Ese pánico a hacer el ridículo crece exponencialmente en un mundo dominado por la mirada hegemónica masculina, claro, porque aunque ellos también pueden padecer el síndrome del impostor, siempre lo tienen más fácil por motivos obvios. Twitter es quizás el peor enemigo del síndrome de la impostora en ese sentido: impunidad y anonimato en una red social en el que más de un 68% de los usuarios son hombres. Personalmente, me he dado cuenta de ello cada vez que he escrito un artículo y me han caído comentarios de cuentas que me corrigen, censuran, critican o exponen para hacer escarnio público. Se me ha puesto frente al paredón de fusilamiento por una falta de más o una coma de menos. Me han llamado niñata, rebelde iconoplasta, ignorante o periodista poco consecuente. Han utilizado mis redes sociales para opinar sobre mi vida personal. La mayoría de las veces, por no decir todas, lo han hecho hombres. Con esas reglas del juego es difícil no sentarse delante de la pantalla con el tembleque de quien se sienta frente a una manada de leones hambrientos y espera ser salvajemente despellejada. ¿Y cómo gestionamos individualmente esa invasión violenta si viene de fuera?

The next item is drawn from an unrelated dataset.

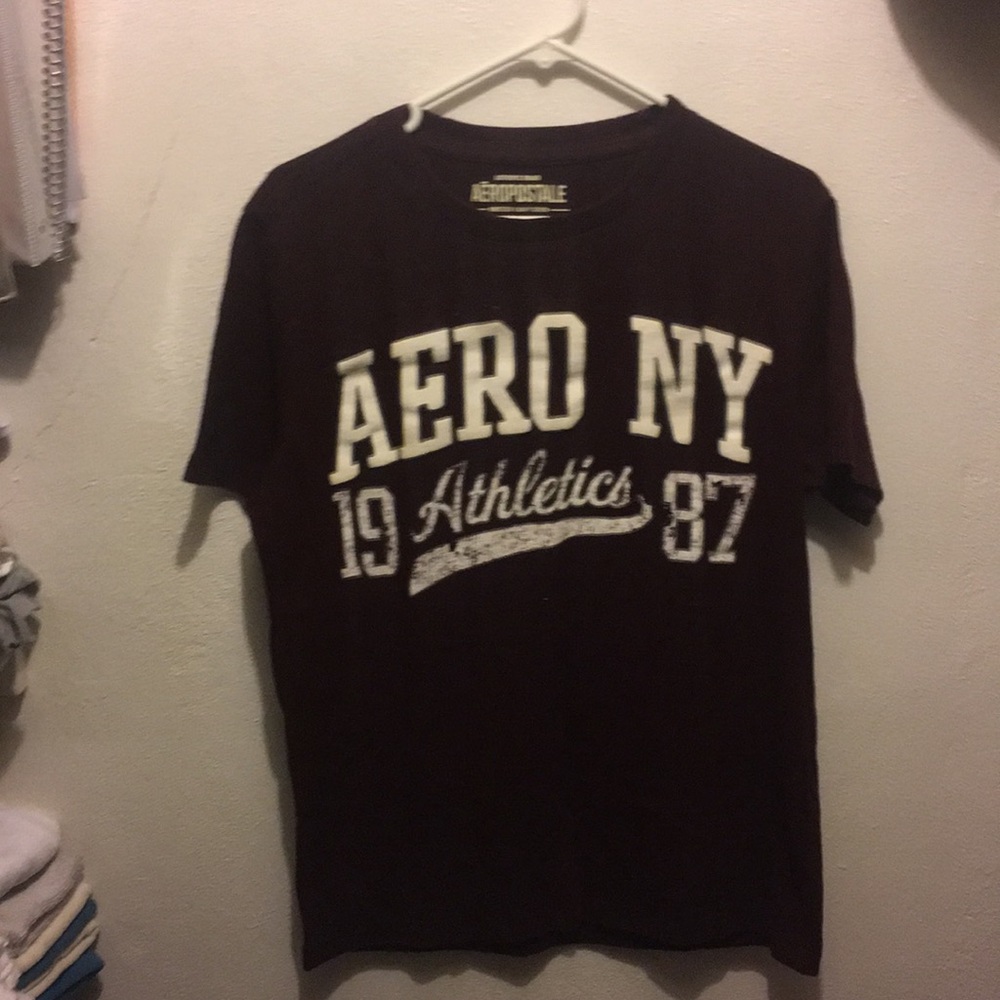 Aeropostale top size M (FWP)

El consejo del entorno ante un tuit hostil siempre es hacer como si nada y sobrevivir a esa anarquía emocional a base de valerianas y una serie tonta para dejar la mente en blanco. Porque en este experimento sociológico que es Twitter todo pasa y todo queda, pero lo nuestro es pasar, que diría Machado: te dicen que los tuits de hoy llenarán la papelera de mañana y todo el mundo lo habrá olvidado. Pero tú te acordarás. Las impostoras entran en un bucle eterno y se repiten que podrían haberlo hecho mejor, que son profesionales patéticas y que no se merecen ni el espacio, ni el trabajo, ni la oportunidad; en su cabeza, en el de las impostoras, la semilla de la sospecha hacia ellas mismas ya está creciendo y es imparable. La ley moral en la red social es que el fin justifica los medios. Los haters buscan el aplauso intelectual a cualquier precio para poder lamerse el cerebro y creer que tienen influencia, creerse superiores. Si en Instagram se busca sentirse el más guapo, en Twitter se necesita ser el más culto e ingenioso, y lo único peor que un narcisista es un narcisista que no sabe que lo es.

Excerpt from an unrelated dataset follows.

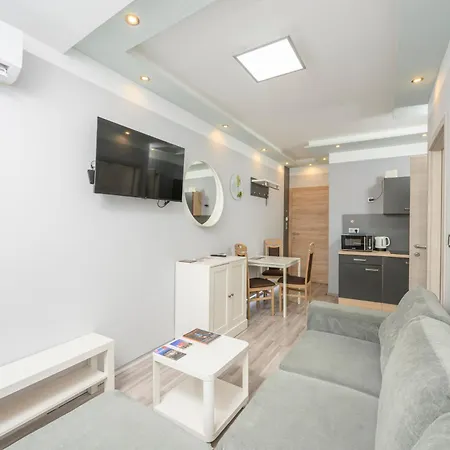 Aparthotel Elegance Palais Palffy 4*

Qué haces: ¿dejas que tu salud física y mental acabe hecha trizas por intentar posicionar tu trabajo o abandonas la partida sabiendo que será mucho más difícil escalar en tu profesión?
Y llega la dicotomía: la necesidad de ponerse el candado o quitarse las redes para paliar la angustia y la presión autoexigente de no eliminar un canal de difusión que puede brindar oportunidades futuras. En el mundo creativo o de las artes inmateriales, si no tienes presencia en las redes sociales, no existes. Y esa dualidad recurrente puede acabar contigo, porque qué haces: ¿dejas que tu salud física y mental acabe hecha trizas por intentar posicionar tu trabajo o abandonas la partida sabiendo que será mucho más difícil escalar en tu profesión? Dónde pones el foco: ¿en tu bienestar personal o en tu futuro laboral? Con el capitalismo devorándonos el culo y el alquiler subiendo y la gasolina por los aires, a menudo la decisión se toma antes por inercia que por consciencia.

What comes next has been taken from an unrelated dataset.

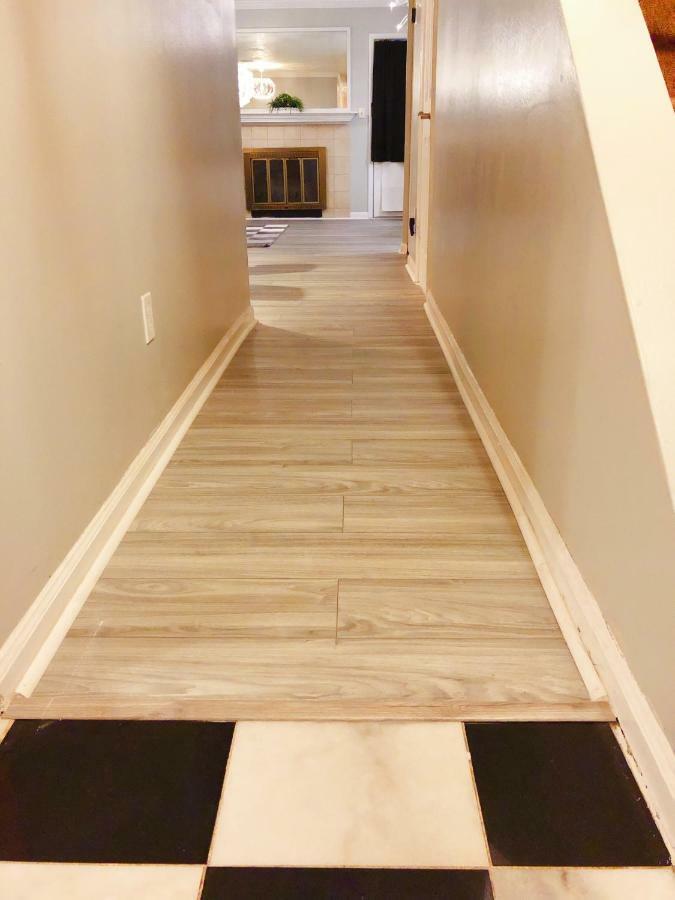 2 Bedrooms Robinwood *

Es también una metáfora social del mundo acotada en 280 caracteres. Twitter refleja esa obligatoriedad que nos hemos impuesto para opinar de todo y posicionarnos ante cualquier debate. Hoy en día solo eres alguien si tienes una opinión formada. Ni la equidistancia, ni la ignorancia, ni el pasotismo por un tema: eso no vale. La banalidad está tan prostituida y criminalizada que nos vemos obligados a maquinar argumentos inmediatos sin pensar, solo para alimentar el ego y no quedar como un cateto. Así crecen los síndromes impostores y las noticias sin contrastar y las opiniones de mierda, y también las personas que están en Twitter como un francotirador en un balcón, esperando el momento de disparar a matar y destripar a la presa sin miramientos ni empatía. Cazadores de mentes. Y qué pereza, qué hartura, qué asco: realmente hay personas que no tienen nada mejor que hacer.